§ TASK GOAL
Word for word, repeat the data; no picture should appear in the result.

§ Image-text web data
-.-.-
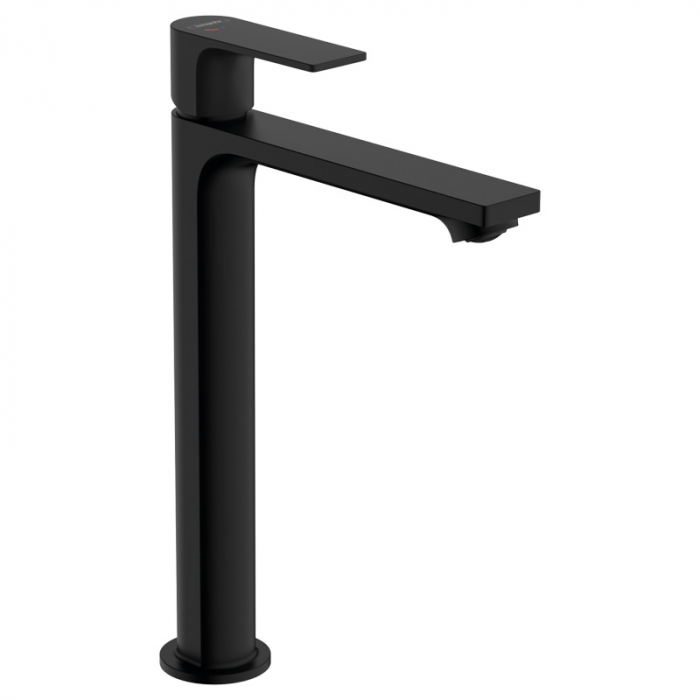 Baterie lavoar cu ventil inclus tehnologie CoolStart, negru mat, Hansgrohe Rebris E 240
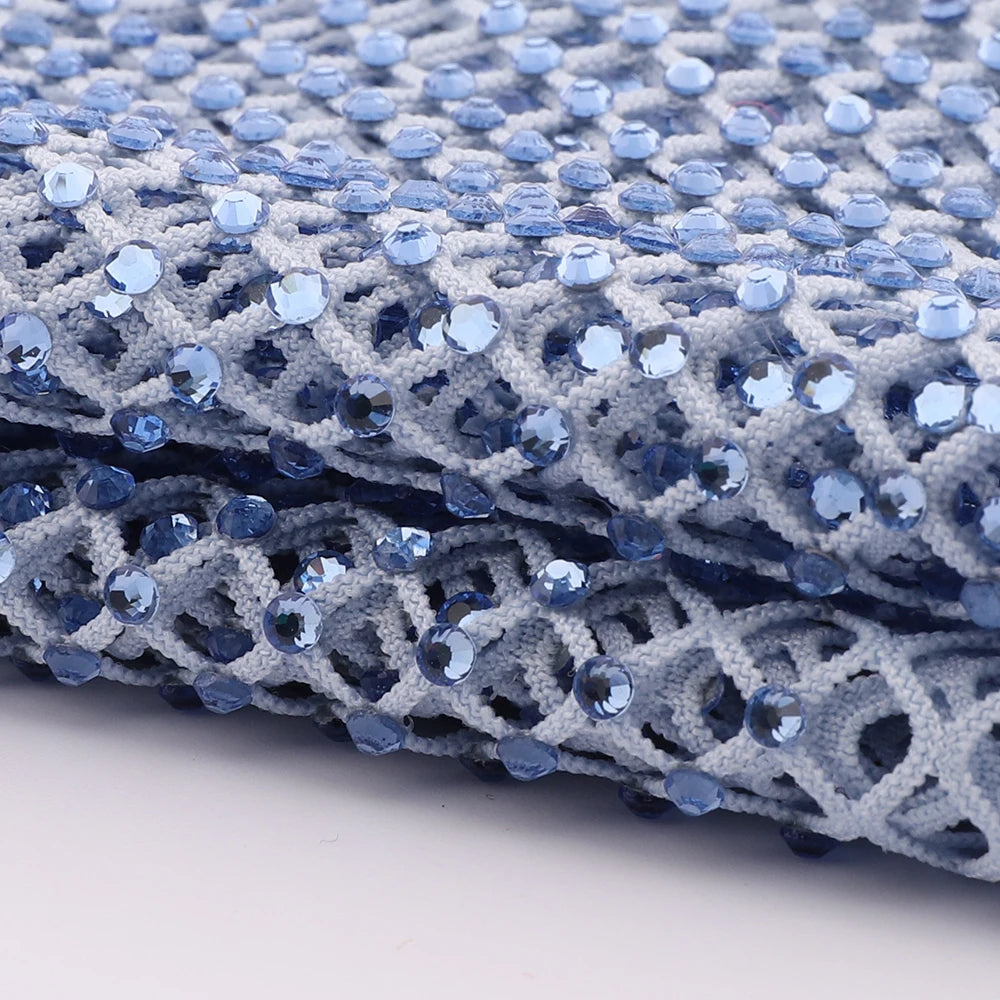 Stretch Crystal Net Fabric with Glass Rhinestones SS10 (12 Colors) by Yiben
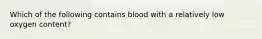 Which of the following contains blood with a relatively low oxygen content?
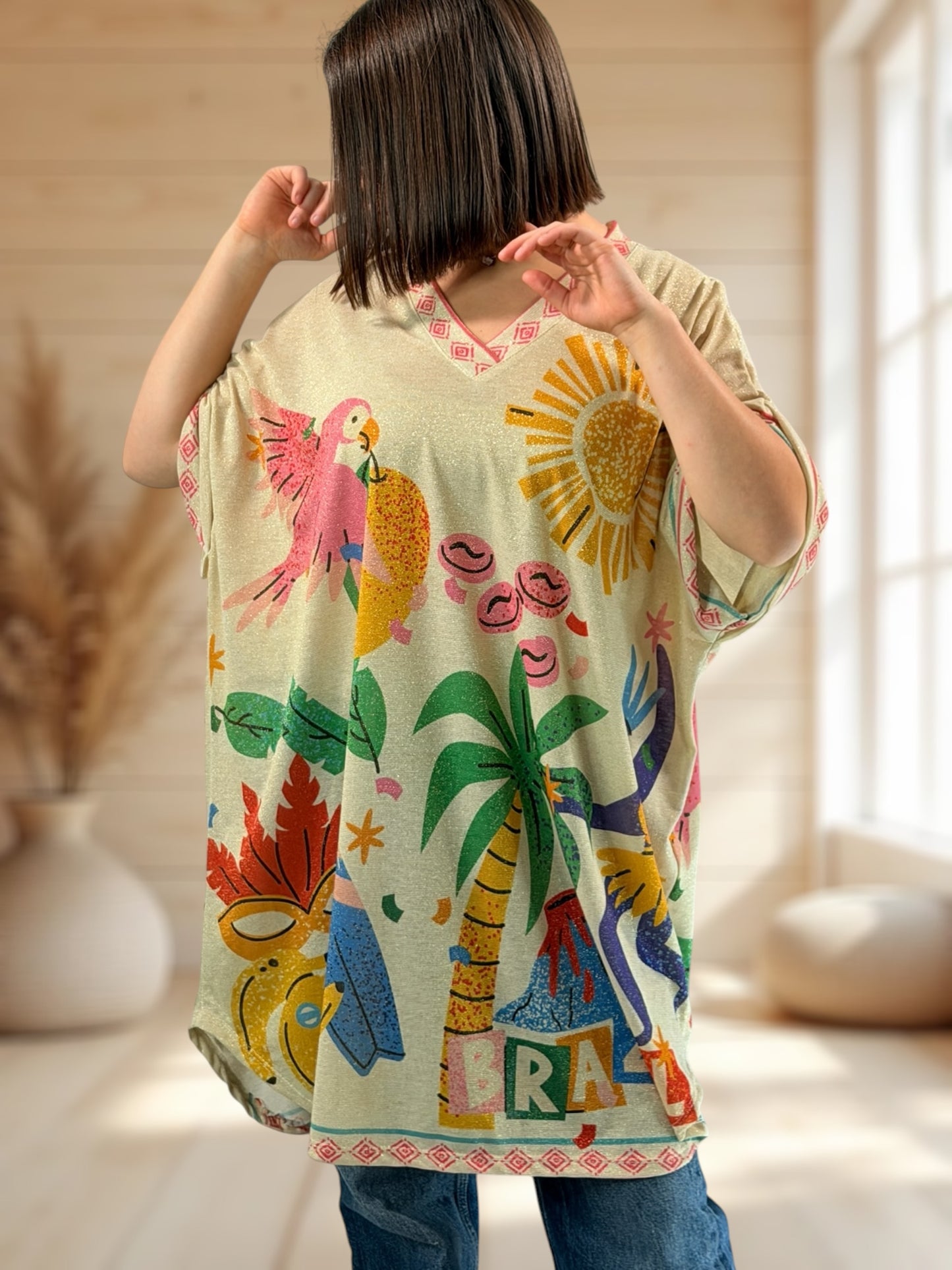 DEBBY - TEE-SHIRT OVERSIZE FLUIDE SCINTILLANT JUSQU'A LA TAILLE 56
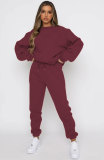 SC Plus Size Solid Color Padded Long Sleeve Casual Pants Set SSNF-211022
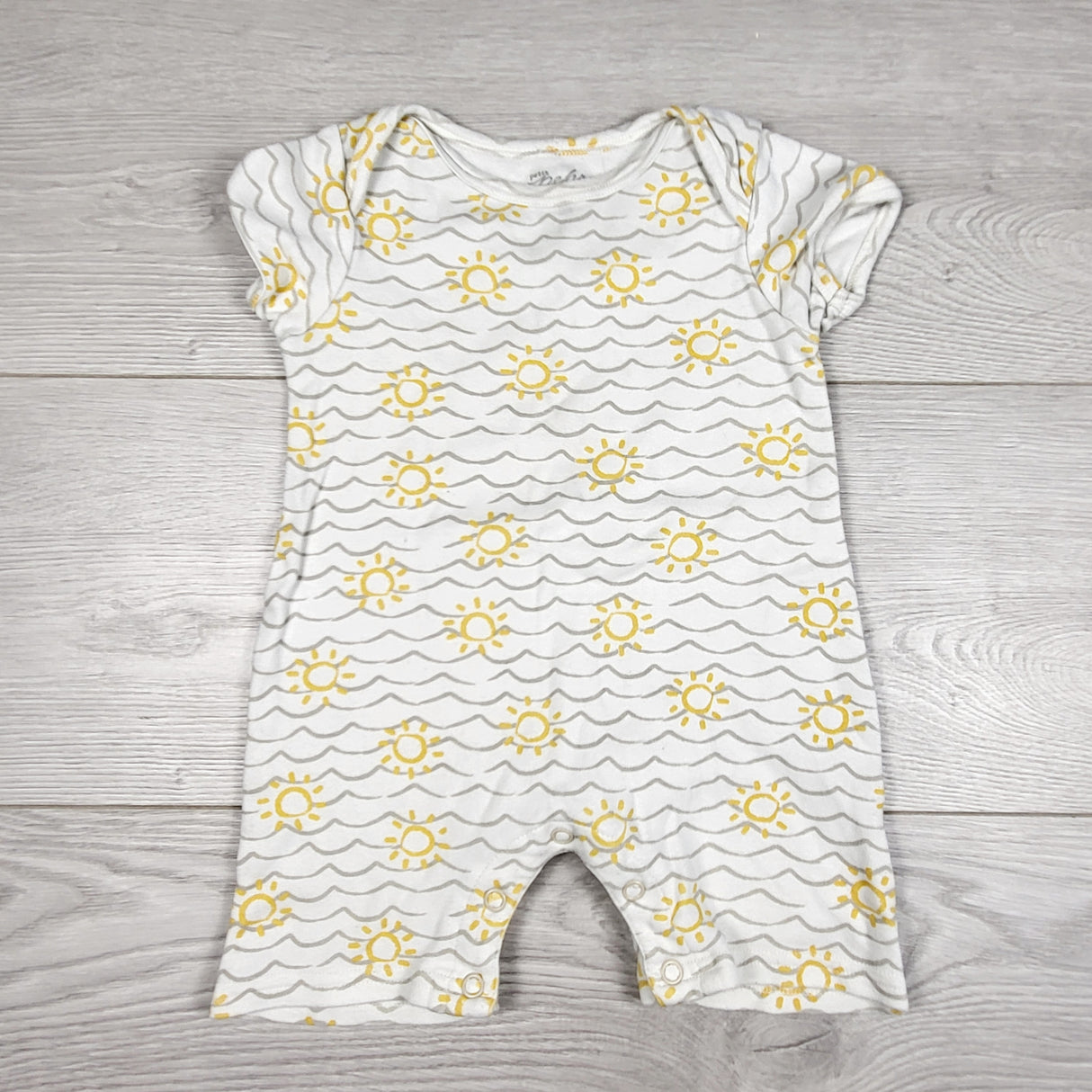 KDEL33 - Indigo x Pehr romper with suns and waves. Size 6-12 months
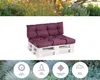 A purple pallet cushion set on a white background, with a blurred garden scene above and icons with text below. Voir les images du produit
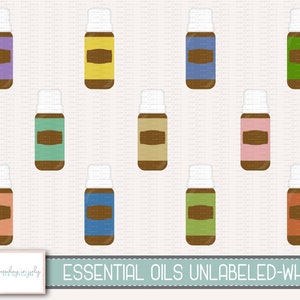 Unlabeled Essential Oil Bottles with White Top Clipart Set, Commercial Use, Instant Download, Digital Clipart, Digital Images CP254 image 1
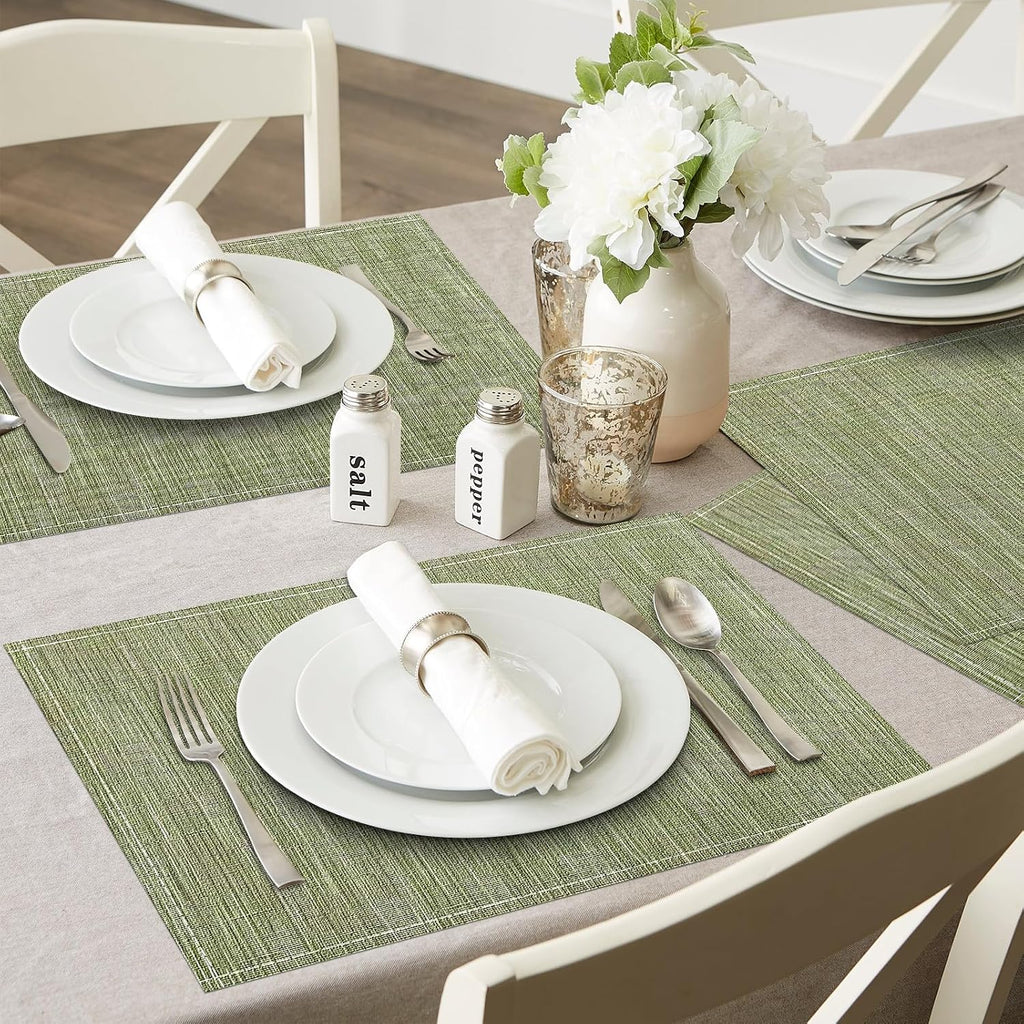 Niviy Placemats, Placemats Set of 4 Washable Place Mats, Green 12" x 18"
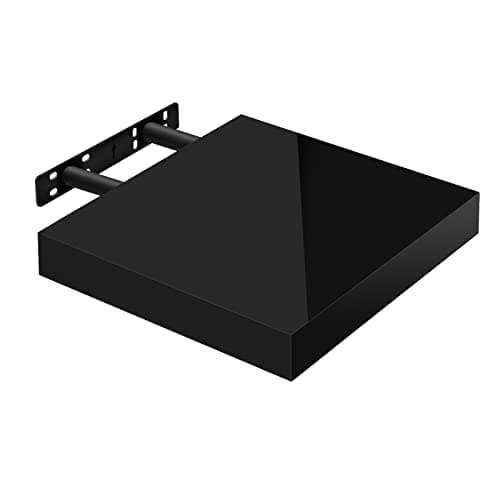 Image of WOLTU Wall Floating Shelf High Gloss Black CD DVD Shelf Bookshelf Wooden Board 25x22.9x3.8cm, RG9488sz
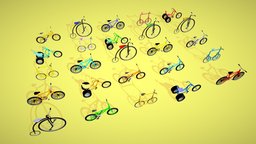 Low Poly Bicycles Pack 3D blend, bicycle, 3dmodels, obj, fbx, lowpolymodel, glb, vehicle, lowpoly, blender3d, gameasset, bicyclepack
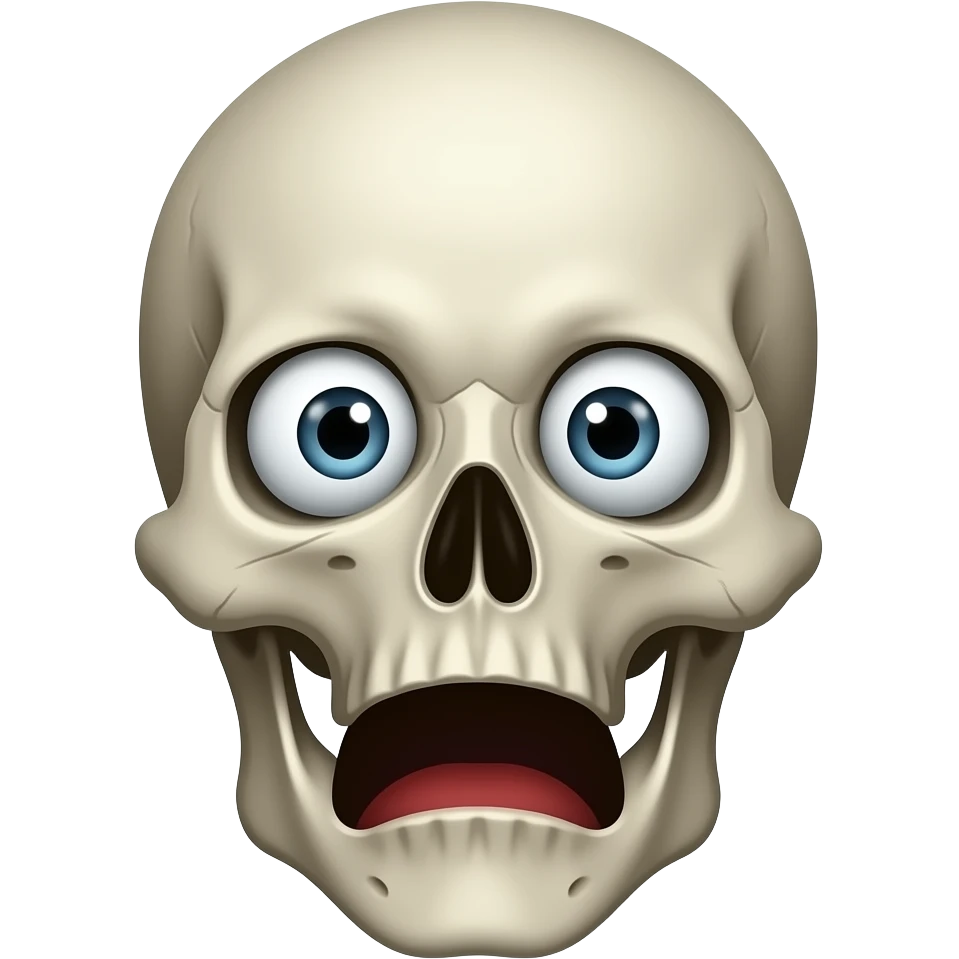 A very shocked skull used for edits like something crazy happen emoji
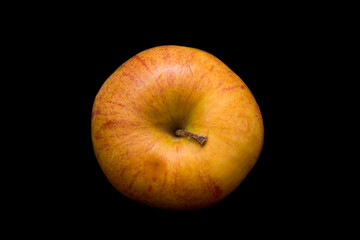yellow organic apple lies on a black background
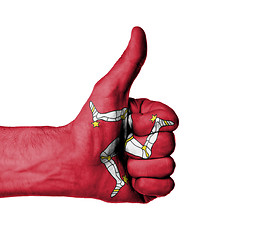 Image showing Closeup of male hand showing thumbs up sign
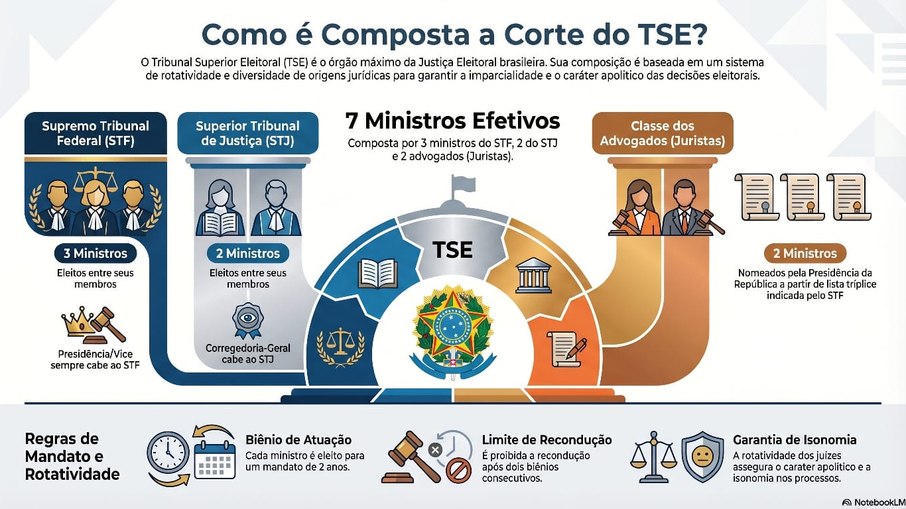A presidência do TSE é de duração de dois anos e há uma rotatividade ordenada de ministros para a vaga.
-.-.-
§ ANSWER
 Baterie lavoar cu ventil inclus tehnologie CoolStart, negru mat, Hansgrohe Rebris E 240
 Stretch Crystal Net Fabric with Glass Rhinestones SS10 (12 Colors) by Yiben
 Which of the following contains blood with a relatively low oxygen content?
 DEBBY - TEE-SHIRT OVERSIZE FLUIDE SCINTILLANT JUSQU'A LA TAILLE 56
 SC Plus Size Solid Color Padded Long Sleeve Casual Pants Set SSNF-211022
 KDEL33 - Indigo x Pehr romper with suns and waves. Size 6-12 months
 A purple pallet cushion set on a white background, with a blurred garden scene above and icons with text below. Voir les images du produit
 Unlabeled Essential Oil Bottles with White Top Clipart Set, Commercial Use, Instant Download, Digital Clipart, Digital Images CP254 image 1
 Niviy Placemats, Placemats Set of 4 Washable Place Mats, Green 12" x 18"
 Image of WOLTU Wall Floating Shelf High Gloss Black CD DVD Shelf Bookshelf Wooden Board 25x22.9x3.8cm, RG9488sz
 Low Poly Bicycles Pack 3D blend, bicycle, 3dmodels, obj, fbx, lowpolymodel, glb, vehicle, lowpoly, blender3d, gameasset, bicyclepack
 A very shocked skull used for edits like something crazy happen emoji
yellow organic apple lies on a black background
 Image showing Closeup of male hand showing thumbs up sign
A presidência do TSE é de duração de dois anos e há uma rotatividade ordenada de ministros para a vaga.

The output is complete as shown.